Chapter 133: Antes de la partida

Se deshizo del polvo con delicadeza, rozando su pecho y espalda con el paño húmedo que la esclava, sumisa y obediente, le había ofrecido. Lork, que lo observaba desde la distancia, se encontraba agotado y sin aliento, su corazón latía con tal intensidad que parecía querer escapar de su prisión ósea.

—Mejoras demasiado lento, Lork —dijo Orion con severidad.

Regresó el paño a la charola de plata que la esclava continuaba cargando.

—Eso es porque es demasiado fuerte —replicó enojado, poco dispuesto a ver minimizado su esfuerzo de los últimos meses—. Déjeme combatir contra otro y observará mi progreso.

—No —Se vistió con la camisa guardada en su inventario—, todavía no estás preparado para un combate real.

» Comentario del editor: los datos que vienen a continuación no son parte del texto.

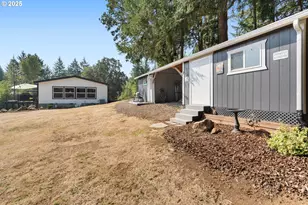 30402 Townsend Rd, Lebanon, OR 97355 - Photo 38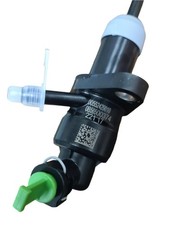 GENUINE Clutch Master Cylinder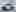 2024 Toyota Grand Highlander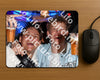 Evenement foto: HON Serie 12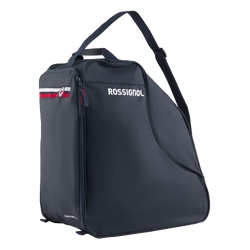 Rossignol Strato Boot Bag - 2025/26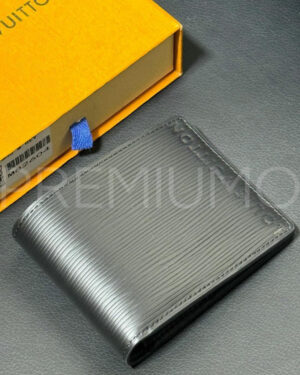 Louis Vuitton кошелек PR935993 Louis Vuitton кошелек PR935993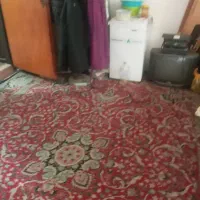 فروش ویلایی سندار ۱۶۱ متری در جانبازان نزدیک خ|فروش زمین و ملک کلنگی|رشت, جانبازان|دیوار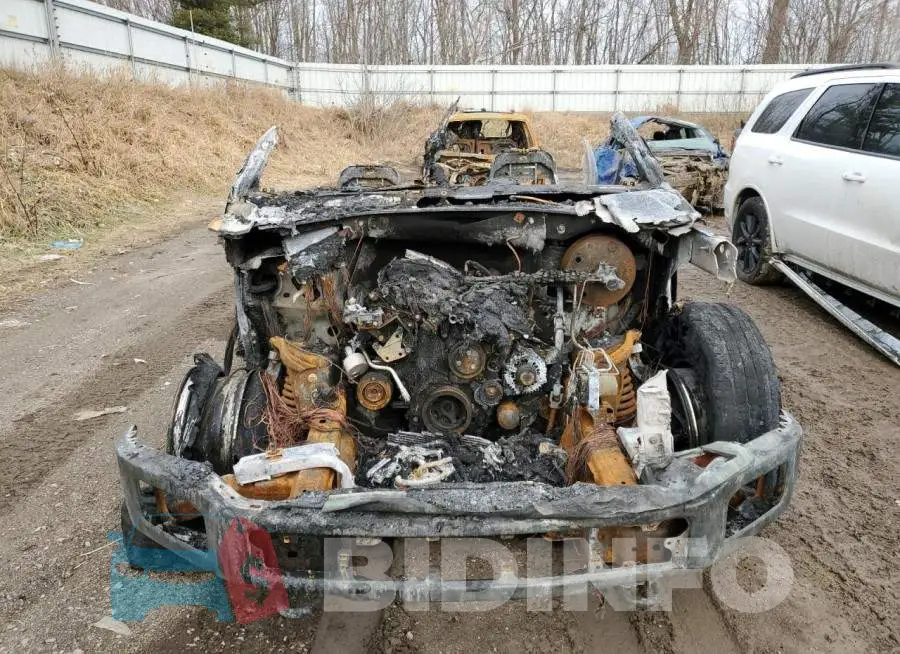 1FTEW1EB9KFD13553 Photo# 5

El niño bajó la mirada, y quiso volver a hablar, pero la sola contemplación del soberano de Tanyer le hizo desistir en su idea.

—Largo.

Lork, obediente, alzó su mano, recibida por su esclavo en un gesto solícito para ayudarlo a erguirse. Anhelaba ordenarle que lo cargara, pero evitó hacerlo ante la imponente figura del alto hombre, temiendo mostrar aún más su debilidad.

Pronto, la diminuta silueta del niño se desvaneció tras cruzar el umbral de las magníficas puertas del palacio, acompañada por el esclavo guerrero.

El camino de vuelta al palacio no era su destino en ese instante. Anhelaba un respiro de libertad, la oportunidad de refrescarse en el aire libre que la opulencia de su fortaleza no podía otorgar.

Mujina concluyó su entrenamiento con Fira, Alir y Yerena al percatarse de los deseos de su soberano, quien se encaminaba hacia las gigantes puertas de madera.

Orion observó la quietud de la vahir, el sol apenas comenzaba a sobresalir en el horizonte, y aunque había una tenue claridad, eran pocos los despiertos. Sus pies lo llevaron al inicio del bosque, el ambiente era todavía más fresco, y el aire más puro. Se sintió cómodo, lo necesitaba, su interior agradecía, no había hecho espacio en sus agitados días para observar la magnificencia del mundo, que el laberinto nunca habría podido duplicar. Era consciente de las cuatro mujeres que le seguían, tratando de apurar el paso para alcanzarlo, pero él solo continuaba, echando vistazos de vez en vez a lo que la naturaleza obsequiaba.

Se detuvo, sentándose en una roca grande y semilisa, sumida en territorio plano y despejado.

Las damas a sus espaldas aparecieron en breve, no hablaron, solo se quedaron ahí, de pie, en espera de nuevas órdenes.

Se perdió en los insectos que transitaban sobre el pasto húmedo por el rocío de la madrugada; en las aves que comenzaban su vuelo matutino; y en los pocos especímenes de fauna que tuvieron la osadía de acercarse más de lo que se consideraría inteligente... Entonces observó a una criatura pequeña, de barriga inflamada, jorobada, tez verdosa como el musgo, ojos muertos, orejas largas y grandes, y enormes colmillos. Vestía retazos de tela, roída por el tiempo, y sucia. La cosa le miró, incrédulo de no haber sentido a aquellas altas siluetas.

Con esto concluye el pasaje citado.